Nigeria’s telecoms sector has experienced exponential growth over the past seven years, sprouting from less than one per cent teledensity in 2001 to 40 per cent by August this year. The country’s 55 million subscribers are served by five GSM operators and a fixed line incumbent, as well as several other service providers offering an array of fixed and wireless propositions. With Etisalat having launched commercial services in the country on October 24, Africa’s largest telecoms market is fast developing into one of its most competitive
Etisalat has set a target of garnering a 30 per cent share of Nigeria’s mobile market by 2011, which is ambitious given that it entered the market as a fifth mobile player behind MTN Nigeria, Zain Nigeria, Glo Mobile and M-Tel.
At current market estimates, a 30 per cent share equates to 16.2 million users, however, if one includes the projected growth rate in mobile connections, which stood at 33 per cent for the first eight months of this year, by 2011 the UAE-based operator would have to have added around 38 million users to meet its 30 per cent share forecast. In way of comparison, market leader MTN Nigeria counted 18.6 million subscribers at the end of 2007, representing a market share of 43 per cent. By the end of June this year, MTN Nigeria’s market share represented 39 per cent; Zain Nigeria controlled 32 per cent of the market and Glo Mobile 21 per cent. MTEL plus the other licensed communications operators accounted for the remaining eight per cent market share, according to Zain’s estimates.

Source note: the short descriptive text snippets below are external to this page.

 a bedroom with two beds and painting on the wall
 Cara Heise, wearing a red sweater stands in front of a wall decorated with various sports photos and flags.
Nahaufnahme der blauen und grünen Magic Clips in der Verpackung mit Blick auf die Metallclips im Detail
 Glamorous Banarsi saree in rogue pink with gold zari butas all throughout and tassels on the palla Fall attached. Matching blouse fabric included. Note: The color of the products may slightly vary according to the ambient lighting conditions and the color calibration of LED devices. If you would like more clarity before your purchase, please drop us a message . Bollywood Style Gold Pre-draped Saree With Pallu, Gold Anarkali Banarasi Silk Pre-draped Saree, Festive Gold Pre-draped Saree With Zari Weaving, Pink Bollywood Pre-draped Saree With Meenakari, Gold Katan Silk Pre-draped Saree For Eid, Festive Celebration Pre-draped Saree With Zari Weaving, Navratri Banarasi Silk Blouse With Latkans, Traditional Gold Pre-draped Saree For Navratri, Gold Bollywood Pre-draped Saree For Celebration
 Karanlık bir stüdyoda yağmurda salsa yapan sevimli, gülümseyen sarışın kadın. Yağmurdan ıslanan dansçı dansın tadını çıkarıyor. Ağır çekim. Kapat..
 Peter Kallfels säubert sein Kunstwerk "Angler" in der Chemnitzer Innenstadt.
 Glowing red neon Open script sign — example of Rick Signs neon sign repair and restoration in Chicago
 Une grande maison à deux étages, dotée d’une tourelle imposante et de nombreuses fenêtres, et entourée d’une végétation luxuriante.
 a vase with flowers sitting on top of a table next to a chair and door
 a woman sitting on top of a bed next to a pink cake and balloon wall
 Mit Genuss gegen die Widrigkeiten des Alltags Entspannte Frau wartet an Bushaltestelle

With respect to its new entrant status, Etisalat’s chief marketing officer Essa Al Haddad told Nigerian press recently that he is confident the operator could achieve the forecasted subscriber acquisition numbers. Etisalat aims to differentiate itself through the provision of a superior quality of service, customer-centric promotions and leveraging the group’s other operating companies. Haddad believes Etisalat’s customer acquisition strategy will be focussed mainly on connecting the previously unconnected, although churn is also expected to add to the nascent operator’s subscriber take-up.
Hakeem Belo-Osagie, chairman of Emerging Markets Telecommunications Services (EMTS), the company that owns the licence in Nigeria, also remains bullish that the Emirati telco will excel in the complex Nigerian market.

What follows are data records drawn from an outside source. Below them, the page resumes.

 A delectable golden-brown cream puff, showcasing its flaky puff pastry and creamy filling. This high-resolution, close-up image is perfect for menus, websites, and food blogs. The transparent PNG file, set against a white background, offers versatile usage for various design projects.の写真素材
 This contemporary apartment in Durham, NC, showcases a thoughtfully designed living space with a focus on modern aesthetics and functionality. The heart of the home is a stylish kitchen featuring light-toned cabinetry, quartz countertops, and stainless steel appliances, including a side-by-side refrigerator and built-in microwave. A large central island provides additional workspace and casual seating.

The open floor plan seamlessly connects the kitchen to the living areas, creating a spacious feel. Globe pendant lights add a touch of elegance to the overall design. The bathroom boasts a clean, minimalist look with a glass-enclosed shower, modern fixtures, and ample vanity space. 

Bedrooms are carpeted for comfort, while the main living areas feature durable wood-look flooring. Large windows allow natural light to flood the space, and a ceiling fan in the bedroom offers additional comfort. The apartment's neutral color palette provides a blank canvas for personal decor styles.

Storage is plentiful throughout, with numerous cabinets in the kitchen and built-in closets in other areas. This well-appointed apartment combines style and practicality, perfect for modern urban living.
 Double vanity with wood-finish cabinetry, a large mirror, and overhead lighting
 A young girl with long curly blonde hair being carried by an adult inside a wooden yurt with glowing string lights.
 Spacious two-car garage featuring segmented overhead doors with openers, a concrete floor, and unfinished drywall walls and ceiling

Etisalat launched services in six key cities in October – Lagos, Abuja, Ibadan, Kano, Port-Harcourt and Kaduna – with further cities expected to be added shortly. As it had done to great effect in Egypt, Etisalat began preparing for its launch in Nigeria with an aggressive pre-launch promotion offering up to one million Nigerians the opportunity to reserve their choice of mobile number starting with the prefix 0809, as well as receive a free prepaid SIM card that included free airtime every month for an indefinite period of time.

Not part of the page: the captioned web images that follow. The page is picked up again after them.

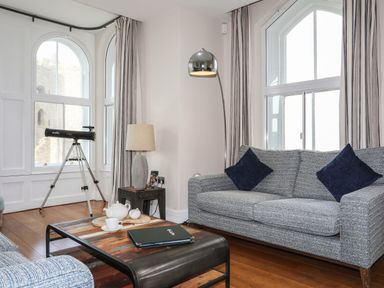 A sitting area with a gray sofa, a wooden coffee table with a teapot set, a telescope near large arched windows, and a floor lamp at Harlech Apartments - Branwen in Harlech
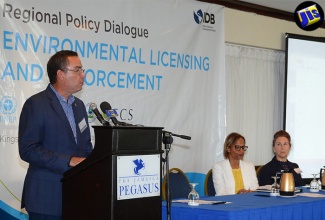 Minister without Portfolio in the Ministry of Economic Growth and Job Creation, Hon. Daryl Vaz (at podium), speaks at the opening session for a Caribbean Regional Policy Dialogue on Environmental Licensing and Compliance conference at The Jamaica Pegasus hotel, on July 27.   Seated (from left) are General Manager, Caribbean Country Department, Inter-American Development Bank (IDB), Therese Turner-Jones; and Chief, Environmental Safeguards Unit, IDB, Janine Ferrett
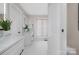 Clean bathroom with modern vanity and a large window at 8260 Blades Trl, Denver, NC 28037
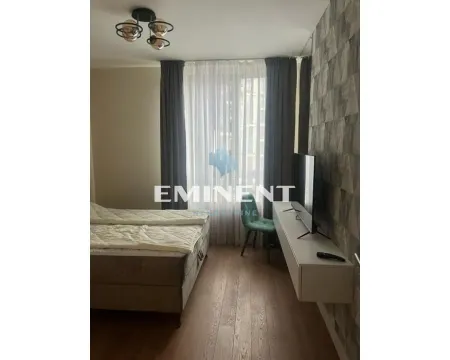 Furnished bedroom with a double bed, TV shelf and access to the terrace. - image 7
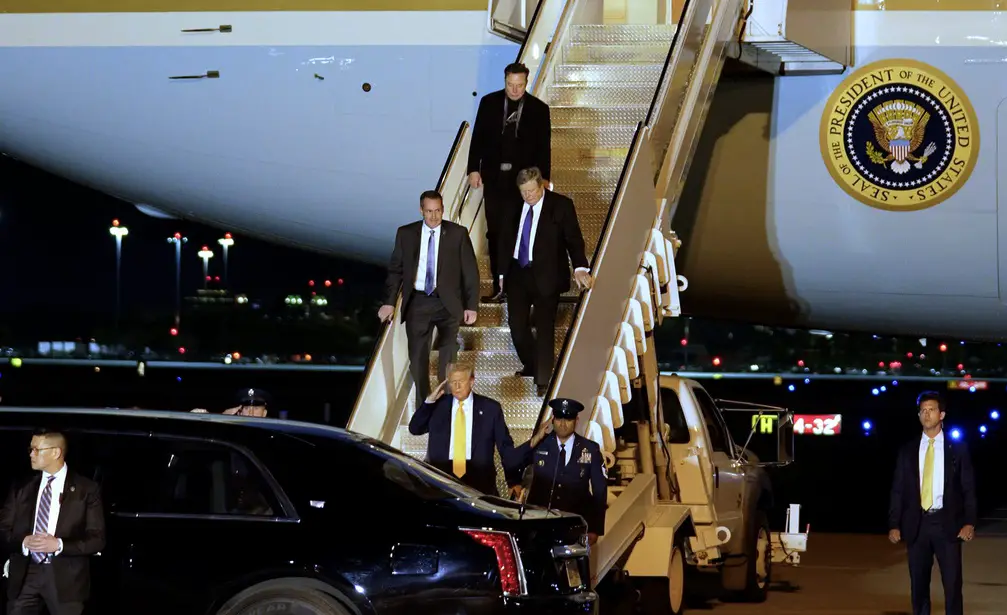 President Donald Trump exits Air Force One with Elon Musk, top, and Melania Trump's father, Viktor Knavs, middle right, at Palm Beach International Airport in West Palm Beach, Florida on March 7, 2025. Trump is staying at his Mar-a-Lago home in Palm Beach. © GREG LOVETT/PALM BEACH POST / USA TODAY NETWORK via Imagn Images Eagles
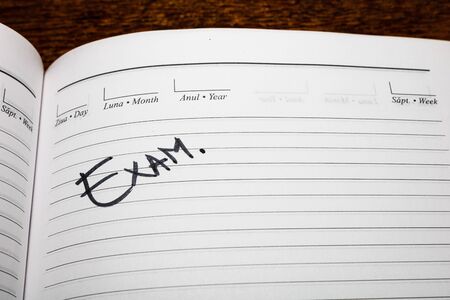 Exam, handwriting text on page of office agenda. Copy space.の写真素材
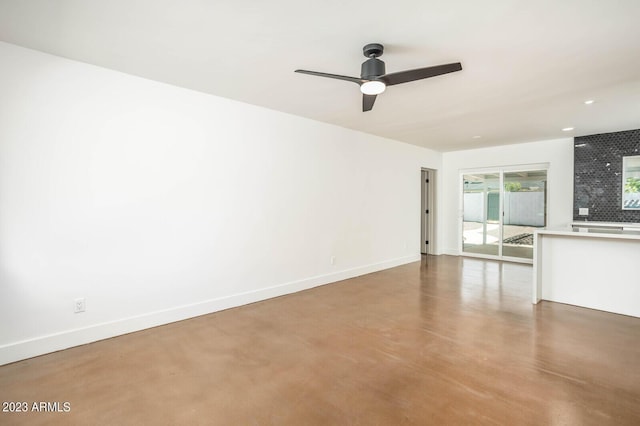 unfurnished living room with concrete flooring and ceiling fan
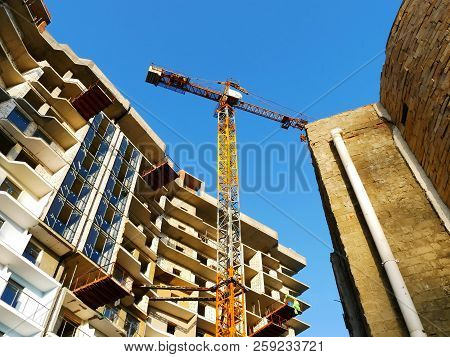 Crane And Building Construction Site Against Blue Sky. Construction Crane Near Building.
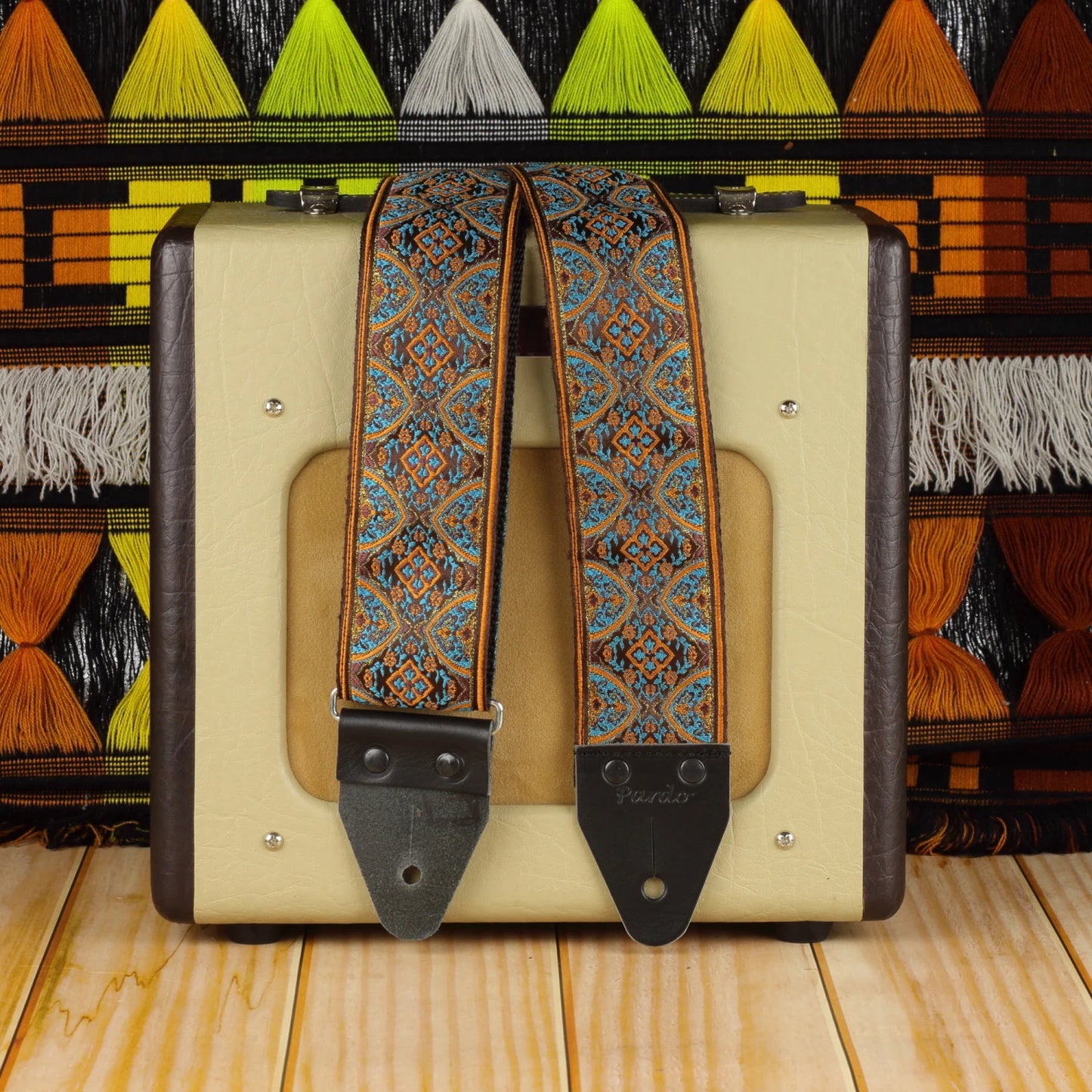 Red Horizon wide long psychedelic guitar strap in red and brown tones with Fender Champion 600 amplifier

It was in January 2007 that the UAE’s Mubadala Development Company paid US$400 million for a unified access service licence in Nigeria, offering it access to GSM 900MHz and 1800MHz spectrum. The Nigerian Communications Commission (NCC) introduced a unified licensing regime in March 2006, for the first time allowing operators of wireless local loop operations to roam across wide licence areas.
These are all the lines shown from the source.